• **Instructions for the task**: Using the data below, gather each line that includes the word "plate".

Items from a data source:
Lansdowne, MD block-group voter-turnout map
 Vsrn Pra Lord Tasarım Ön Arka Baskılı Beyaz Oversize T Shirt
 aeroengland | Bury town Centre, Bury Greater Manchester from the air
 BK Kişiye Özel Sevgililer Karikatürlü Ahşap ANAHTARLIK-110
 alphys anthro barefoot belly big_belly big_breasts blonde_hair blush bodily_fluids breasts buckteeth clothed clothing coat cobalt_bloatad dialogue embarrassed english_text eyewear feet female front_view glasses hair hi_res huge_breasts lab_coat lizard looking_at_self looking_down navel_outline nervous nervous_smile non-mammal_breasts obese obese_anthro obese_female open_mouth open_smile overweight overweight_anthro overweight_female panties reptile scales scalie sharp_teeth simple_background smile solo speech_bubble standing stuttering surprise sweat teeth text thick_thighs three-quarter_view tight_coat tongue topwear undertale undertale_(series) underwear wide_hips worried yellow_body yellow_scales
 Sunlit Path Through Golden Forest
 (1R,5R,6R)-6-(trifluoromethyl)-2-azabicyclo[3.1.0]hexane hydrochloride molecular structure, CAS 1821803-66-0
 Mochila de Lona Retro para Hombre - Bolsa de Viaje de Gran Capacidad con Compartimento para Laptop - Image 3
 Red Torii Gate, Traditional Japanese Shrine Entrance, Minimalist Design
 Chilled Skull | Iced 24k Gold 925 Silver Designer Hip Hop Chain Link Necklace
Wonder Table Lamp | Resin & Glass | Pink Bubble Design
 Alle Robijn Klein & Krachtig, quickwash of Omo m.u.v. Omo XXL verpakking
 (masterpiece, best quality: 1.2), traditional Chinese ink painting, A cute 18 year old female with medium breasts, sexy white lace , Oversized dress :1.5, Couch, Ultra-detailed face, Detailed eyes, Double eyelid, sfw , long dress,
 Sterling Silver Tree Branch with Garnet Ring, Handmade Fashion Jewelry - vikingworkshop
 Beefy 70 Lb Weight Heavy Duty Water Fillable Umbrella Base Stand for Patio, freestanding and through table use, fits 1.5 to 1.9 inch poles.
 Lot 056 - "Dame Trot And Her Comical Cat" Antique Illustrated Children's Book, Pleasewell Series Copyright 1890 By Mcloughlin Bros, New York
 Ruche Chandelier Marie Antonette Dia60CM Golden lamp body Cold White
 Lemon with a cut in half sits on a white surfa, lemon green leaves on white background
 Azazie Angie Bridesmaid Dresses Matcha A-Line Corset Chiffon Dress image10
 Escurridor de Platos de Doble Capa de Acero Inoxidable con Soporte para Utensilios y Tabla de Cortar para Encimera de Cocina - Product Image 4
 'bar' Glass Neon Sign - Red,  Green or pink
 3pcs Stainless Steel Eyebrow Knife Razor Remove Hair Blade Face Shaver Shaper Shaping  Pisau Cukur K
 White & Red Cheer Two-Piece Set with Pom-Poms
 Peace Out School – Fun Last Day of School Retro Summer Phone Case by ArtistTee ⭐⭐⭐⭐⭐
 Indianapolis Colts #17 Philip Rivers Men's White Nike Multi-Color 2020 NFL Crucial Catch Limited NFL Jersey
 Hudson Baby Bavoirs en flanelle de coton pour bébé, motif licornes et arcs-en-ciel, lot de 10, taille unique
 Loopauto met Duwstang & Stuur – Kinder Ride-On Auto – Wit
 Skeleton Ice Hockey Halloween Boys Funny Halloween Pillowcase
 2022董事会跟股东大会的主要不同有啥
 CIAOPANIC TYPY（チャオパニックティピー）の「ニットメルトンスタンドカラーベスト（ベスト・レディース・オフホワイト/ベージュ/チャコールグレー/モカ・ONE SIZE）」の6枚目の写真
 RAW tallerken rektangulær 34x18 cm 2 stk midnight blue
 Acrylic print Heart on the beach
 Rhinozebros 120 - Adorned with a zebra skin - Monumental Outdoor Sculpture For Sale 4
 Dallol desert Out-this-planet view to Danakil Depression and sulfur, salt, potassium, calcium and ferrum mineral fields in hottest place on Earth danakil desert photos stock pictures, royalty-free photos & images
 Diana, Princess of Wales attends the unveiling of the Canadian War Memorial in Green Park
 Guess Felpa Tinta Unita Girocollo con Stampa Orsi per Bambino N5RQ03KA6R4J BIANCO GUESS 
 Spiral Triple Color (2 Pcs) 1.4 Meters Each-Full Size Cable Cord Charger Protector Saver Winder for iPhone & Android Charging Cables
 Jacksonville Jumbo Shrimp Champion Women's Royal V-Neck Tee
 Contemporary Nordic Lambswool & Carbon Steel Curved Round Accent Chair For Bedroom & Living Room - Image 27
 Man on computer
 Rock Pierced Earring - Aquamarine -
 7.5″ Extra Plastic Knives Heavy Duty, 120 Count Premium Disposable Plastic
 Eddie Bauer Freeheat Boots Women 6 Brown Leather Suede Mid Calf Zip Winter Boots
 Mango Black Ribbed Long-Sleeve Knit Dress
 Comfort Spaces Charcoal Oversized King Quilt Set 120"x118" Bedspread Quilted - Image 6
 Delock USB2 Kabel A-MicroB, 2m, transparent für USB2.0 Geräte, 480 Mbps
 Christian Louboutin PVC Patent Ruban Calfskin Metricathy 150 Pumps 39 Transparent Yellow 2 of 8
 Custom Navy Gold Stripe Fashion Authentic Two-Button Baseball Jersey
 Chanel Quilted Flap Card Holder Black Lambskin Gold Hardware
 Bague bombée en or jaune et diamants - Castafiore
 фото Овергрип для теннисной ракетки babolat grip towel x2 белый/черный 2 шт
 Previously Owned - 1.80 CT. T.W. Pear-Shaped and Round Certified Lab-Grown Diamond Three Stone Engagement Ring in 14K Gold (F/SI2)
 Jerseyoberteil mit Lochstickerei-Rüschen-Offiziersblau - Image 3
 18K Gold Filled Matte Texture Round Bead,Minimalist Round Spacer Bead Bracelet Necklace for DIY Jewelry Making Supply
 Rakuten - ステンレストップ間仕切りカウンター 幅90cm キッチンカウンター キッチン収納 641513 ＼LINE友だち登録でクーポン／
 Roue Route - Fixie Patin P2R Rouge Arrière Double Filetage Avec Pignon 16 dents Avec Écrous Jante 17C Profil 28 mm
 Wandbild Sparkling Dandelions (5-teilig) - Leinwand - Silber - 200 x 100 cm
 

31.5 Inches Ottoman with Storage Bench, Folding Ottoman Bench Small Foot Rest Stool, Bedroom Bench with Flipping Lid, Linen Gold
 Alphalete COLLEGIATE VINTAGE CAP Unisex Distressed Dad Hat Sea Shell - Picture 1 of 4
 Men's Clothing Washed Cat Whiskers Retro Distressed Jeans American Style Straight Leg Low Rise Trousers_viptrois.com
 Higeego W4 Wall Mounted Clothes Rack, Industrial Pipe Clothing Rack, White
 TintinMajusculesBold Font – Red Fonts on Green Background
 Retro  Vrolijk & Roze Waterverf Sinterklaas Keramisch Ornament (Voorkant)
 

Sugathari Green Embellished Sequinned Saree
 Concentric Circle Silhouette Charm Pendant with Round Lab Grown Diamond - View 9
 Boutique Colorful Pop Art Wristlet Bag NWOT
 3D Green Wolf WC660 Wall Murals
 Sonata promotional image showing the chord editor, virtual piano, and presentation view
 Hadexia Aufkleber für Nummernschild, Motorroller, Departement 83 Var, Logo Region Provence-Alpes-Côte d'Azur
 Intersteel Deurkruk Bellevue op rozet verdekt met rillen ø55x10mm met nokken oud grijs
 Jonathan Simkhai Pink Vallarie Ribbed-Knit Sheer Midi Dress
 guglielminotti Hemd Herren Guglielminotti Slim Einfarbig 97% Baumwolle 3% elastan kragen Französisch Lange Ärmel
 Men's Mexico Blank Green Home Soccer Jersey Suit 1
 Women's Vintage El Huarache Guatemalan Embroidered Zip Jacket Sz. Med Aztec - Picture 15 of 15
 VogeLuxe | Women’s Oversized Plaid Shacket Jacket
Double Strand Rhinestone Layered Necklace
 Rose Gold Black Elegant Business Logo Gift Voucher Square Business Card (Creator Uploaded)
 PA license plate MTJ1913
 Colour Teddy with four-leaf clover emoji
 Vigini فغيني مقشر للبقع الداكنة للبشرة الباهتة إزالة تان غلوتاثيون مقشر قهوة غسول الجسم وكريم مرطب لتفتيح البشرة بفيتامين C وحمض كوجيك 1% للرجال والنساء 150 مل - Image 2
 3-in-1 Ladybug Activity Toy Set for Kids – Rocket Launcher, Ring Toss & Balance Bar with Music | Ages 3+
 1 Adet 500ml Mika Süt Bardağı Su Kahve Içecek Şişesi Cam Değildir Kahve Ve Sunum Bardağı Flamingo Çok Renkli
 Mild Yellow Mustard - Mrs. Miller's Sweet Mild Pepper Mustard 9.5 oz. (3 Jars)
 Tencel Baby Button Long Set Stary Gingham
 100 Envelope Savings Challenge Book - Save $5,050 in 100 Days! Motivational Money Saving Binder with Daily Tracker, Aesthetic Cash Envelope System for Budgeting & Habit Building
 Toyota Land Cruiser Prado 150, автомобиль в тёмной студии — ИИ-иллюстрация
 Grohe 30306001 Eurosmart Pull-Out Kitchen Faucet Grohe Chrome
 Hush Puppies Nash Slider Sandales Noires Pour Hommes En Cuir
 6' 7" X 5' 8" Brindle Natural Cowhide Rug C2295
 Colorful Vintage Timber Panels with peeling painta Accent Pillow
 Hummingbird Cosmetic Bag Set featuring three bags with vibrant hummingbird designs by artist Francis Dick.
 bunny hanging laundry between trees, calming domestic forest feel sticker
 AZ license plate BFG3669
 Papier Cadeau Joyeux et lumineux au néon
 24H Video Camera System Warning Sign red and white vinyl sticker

• **Solution to this task**:
 PA license plate MTJ1913
 AZ license plate BFG3669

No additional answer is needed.